• Entries provided
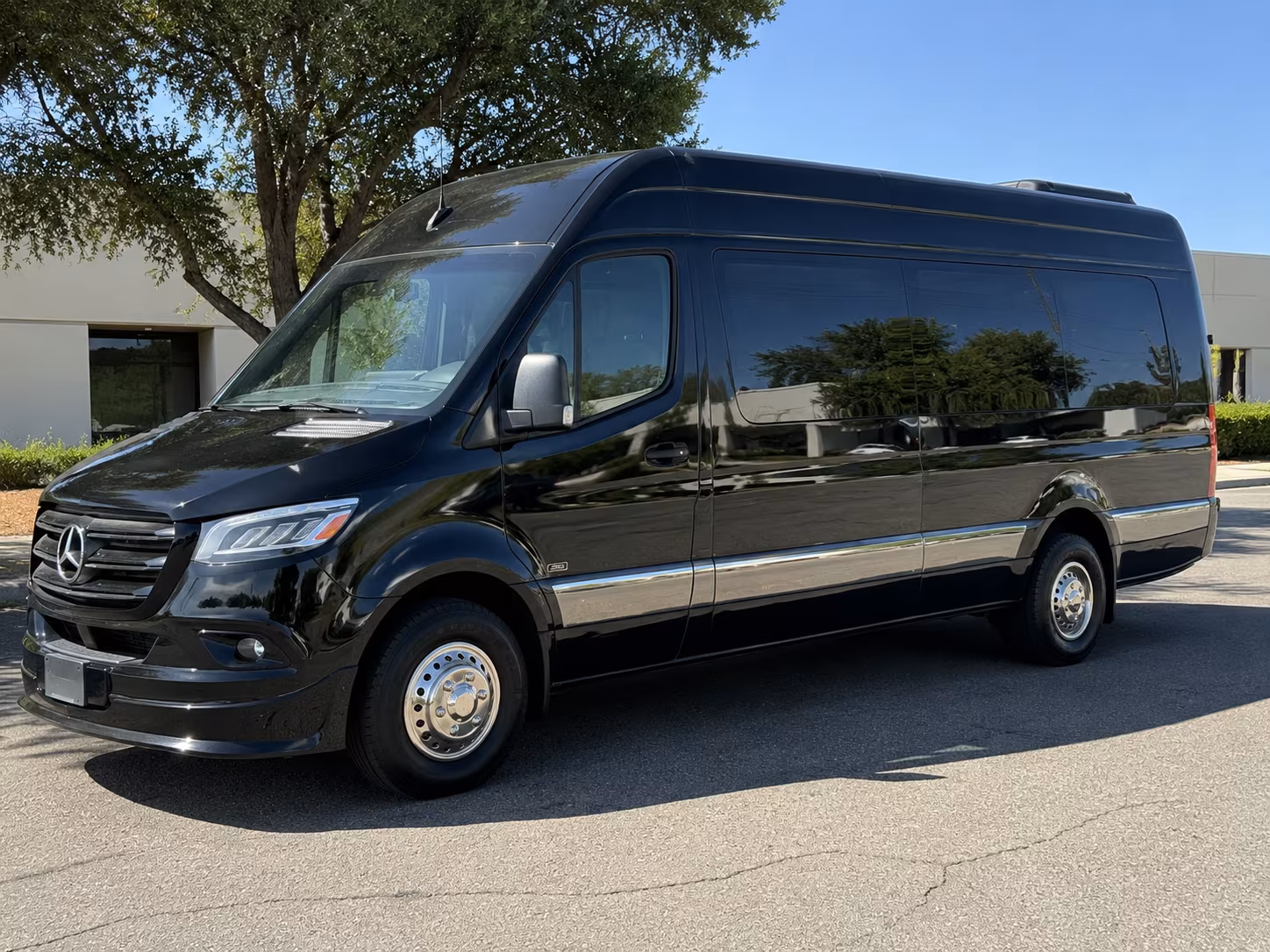 find transportation for your next birthday 1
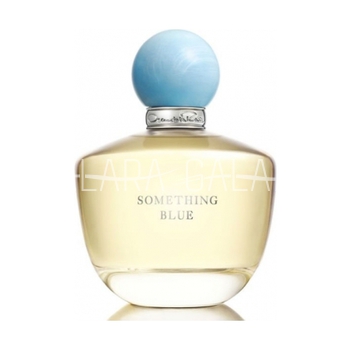 OSCAR DE LA RENTA Something Blue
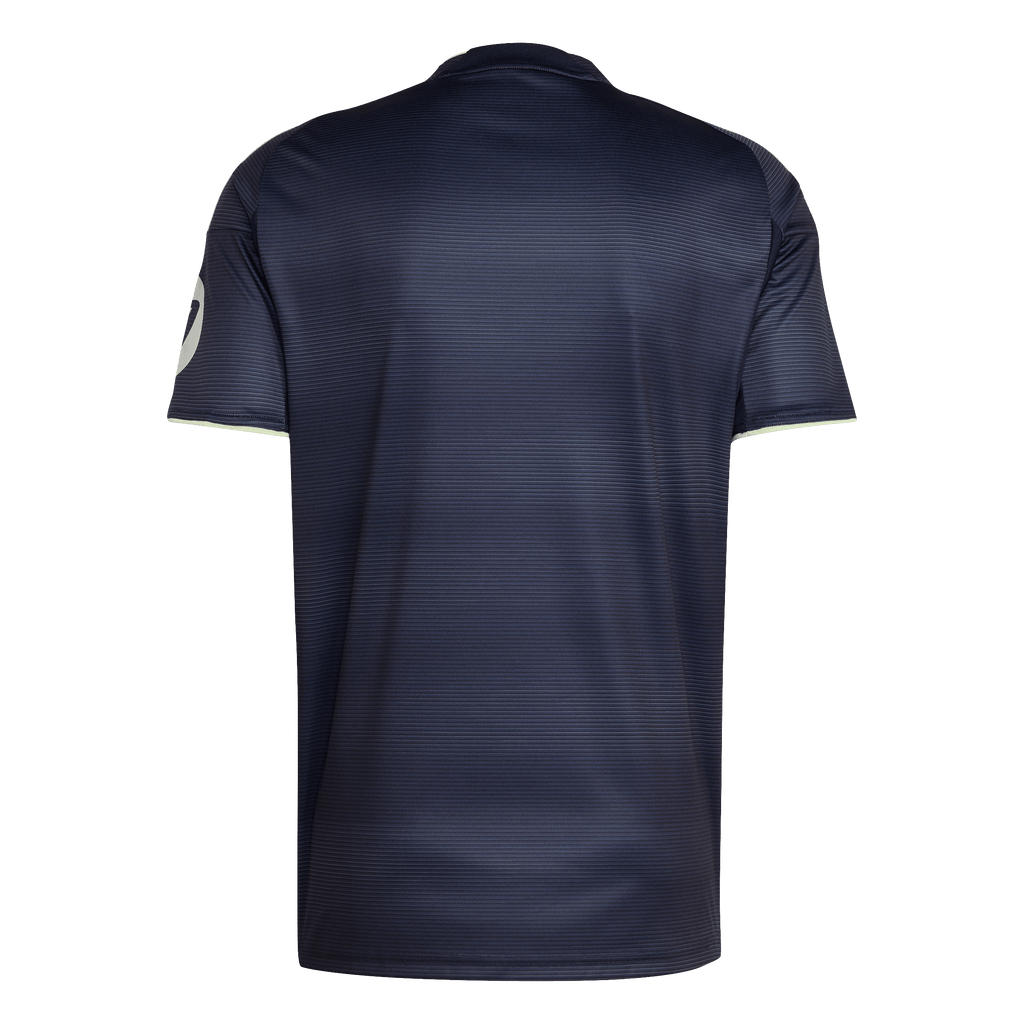 Real Madrid 25/26 Away Jersey (JJ4182)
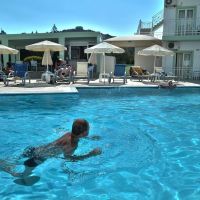 nicolas villas hotel
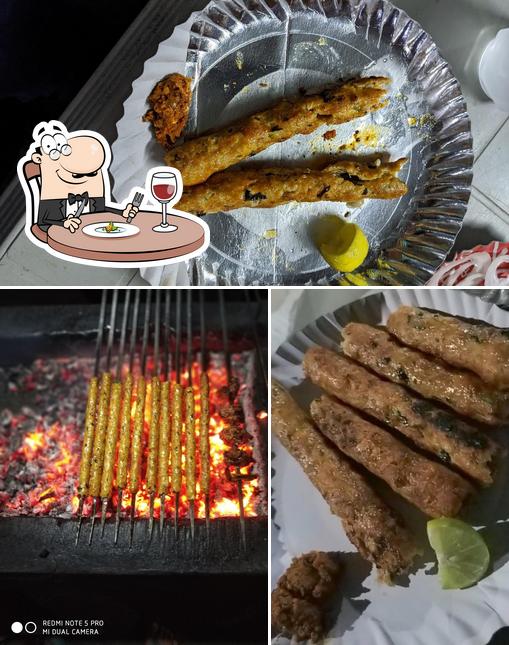 Natural Chicken Mamna Centre Sarbhon Famous - Sarbhon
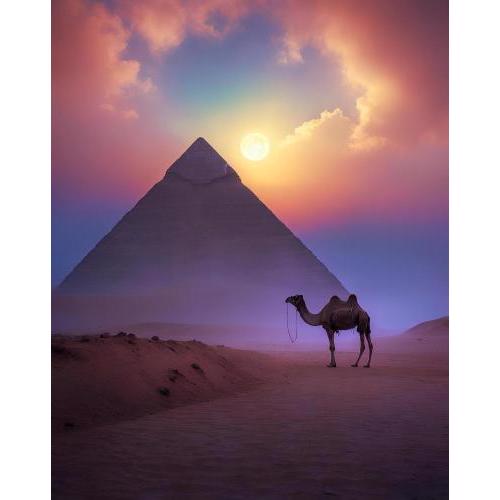 Sphinx middle east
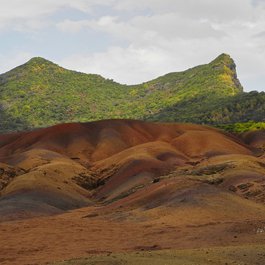 Chamarel, Mauritius Photo #7 by Tyna_Janoch from pixabay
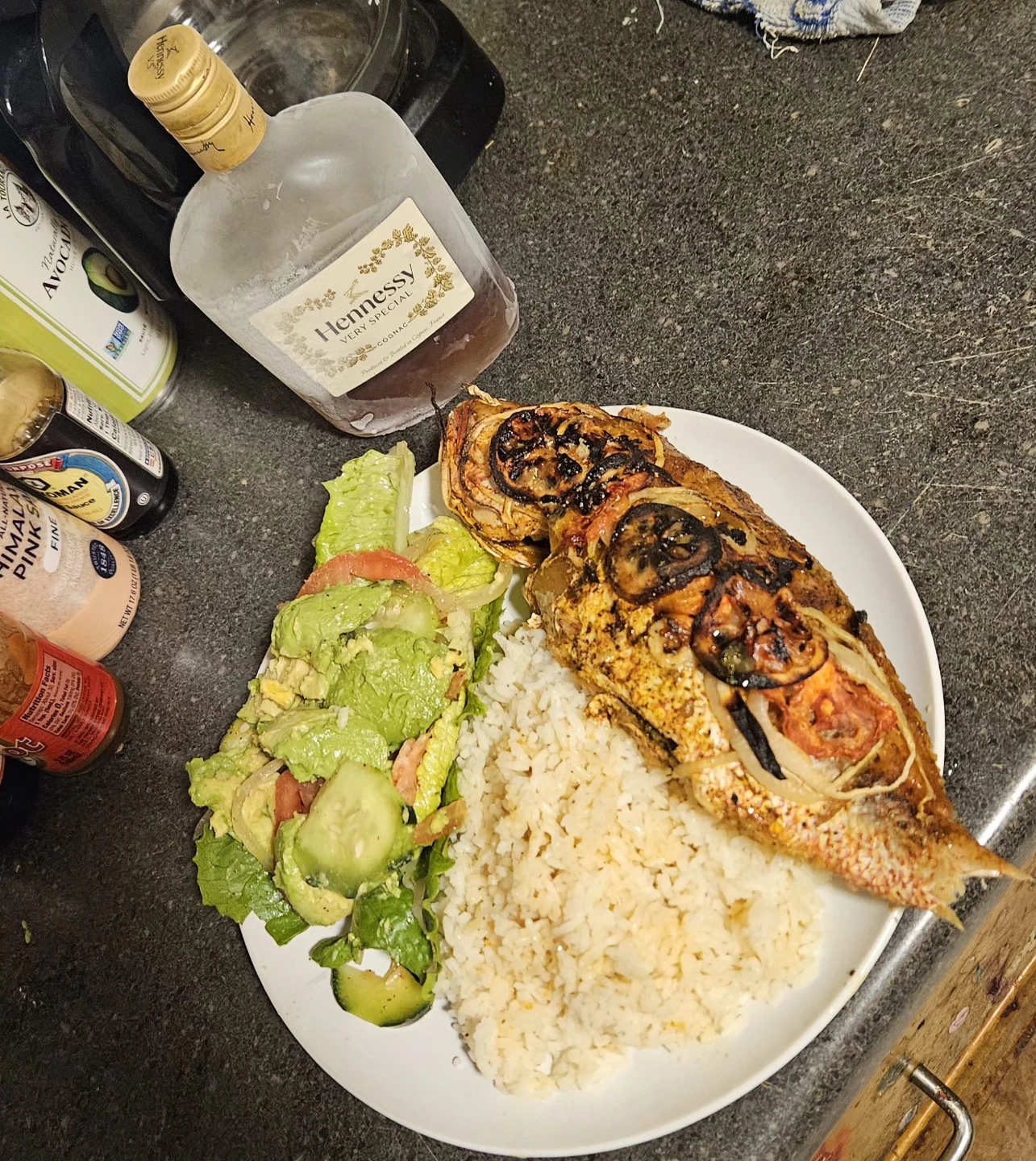 Chef Kay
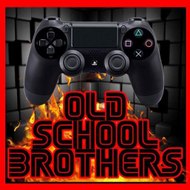 IrmãosOldSchool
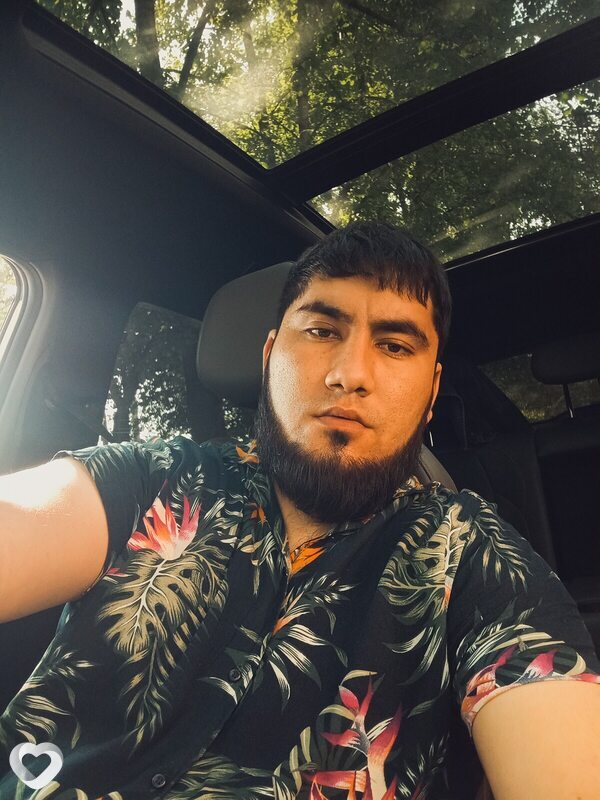 Али, 28, Томске — анкета №4566264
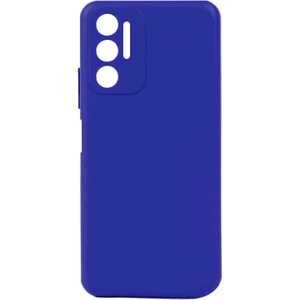 Tecno Pova 3 Kılıf Mat Silikon Kapak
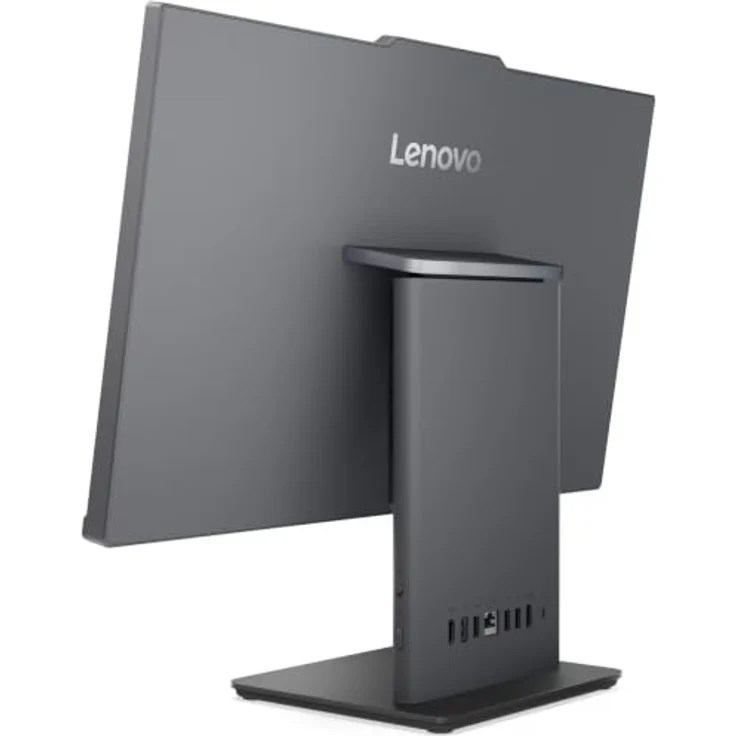 Lenovo ThinkCentre Neo 50a Gen 5, All-in-One PC mit Core i5 210H 2.2 GHz, 16 GB RAM, 512 GB SSD, 23.8" Full HD LED, International Englisch, Luna Gray – Bild 6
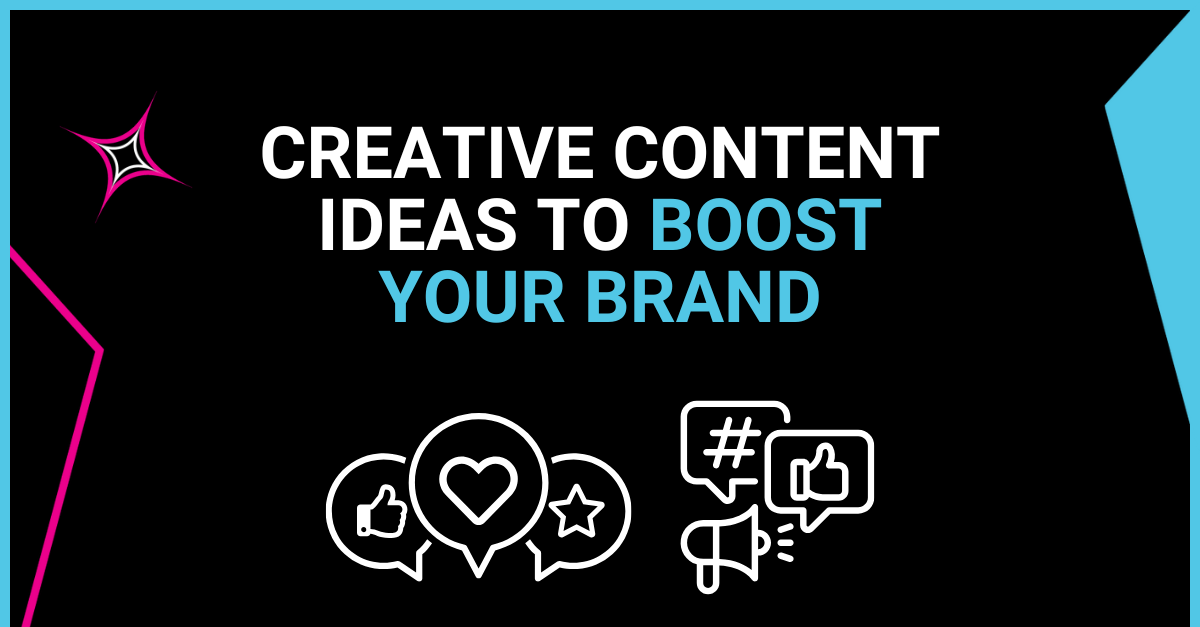 Top 11 Content Ideas for Brand Success in 2025-2026- Tested Method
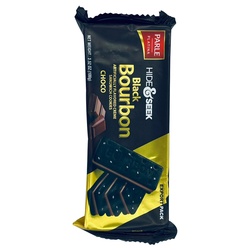Parle Hide & Seek Black Bourbon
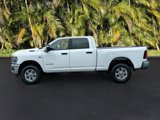 New 2025 RAM 2500 Big Horn image 2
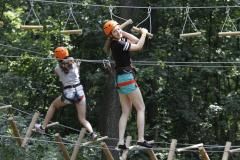 Nagyvillám kalandpark kettő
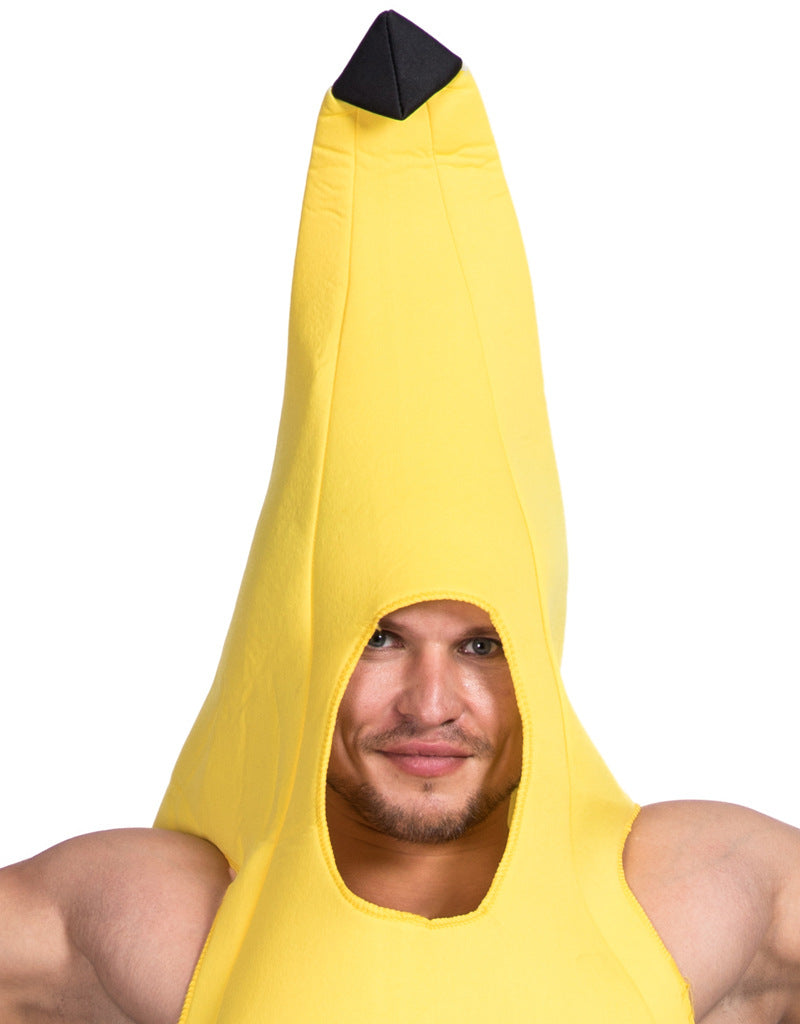 Carnival Party Fruit Costume Festive Ball Show Masquerade Cartoon Costume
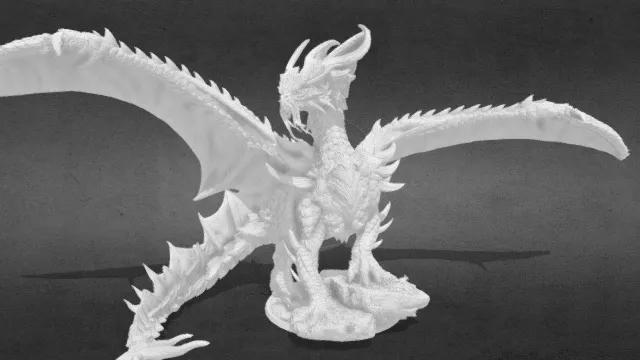 金龙+底座_obj.obj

• Exercise directions
Without the pictures, repeat all the records word for word.

• Exercise result
 find transportation for your next birthday 1
 OSCAR DE LA RENTA Something Blue
 Real Madrid 25/26 Away Jersey (JJ4182)
 nicolas villas hotel
 Natural Chicken Mamna Centre Sarbhon Famous - Sarbhon
 Sphinx middle east
 Chamarel, Mauritius Photo #7 by Tyna_Janoch from pixabay
 Chef Kay
 IrmãosOldSchool
 Али, 28, Томске — анкета №4566264
 Tecno Pova 3 Kılıf Mat Silikon Kapak
 Lenovo ThinkCentre Neo 50a Gen 5, All-in-One PC mit Core i5 210H 2.2 GHz, 16 GB RAM, 512 GB SSD, 23.8" Full HD LED, International Englisch, Luna Gray – Bild 6
 Top 11 Content Ideas for Brand Success in 2025-2026- Tested Method
Parle Hide & Seek Black Bourbon
 New 2025 RAM 2500 Big Horn image 2
 Nagyvillám kalandpark kettő
 Carnival Party Fruit Costume Festive Ball Show Masquerade Cartoon Costume
 金龙+底座_obj.obj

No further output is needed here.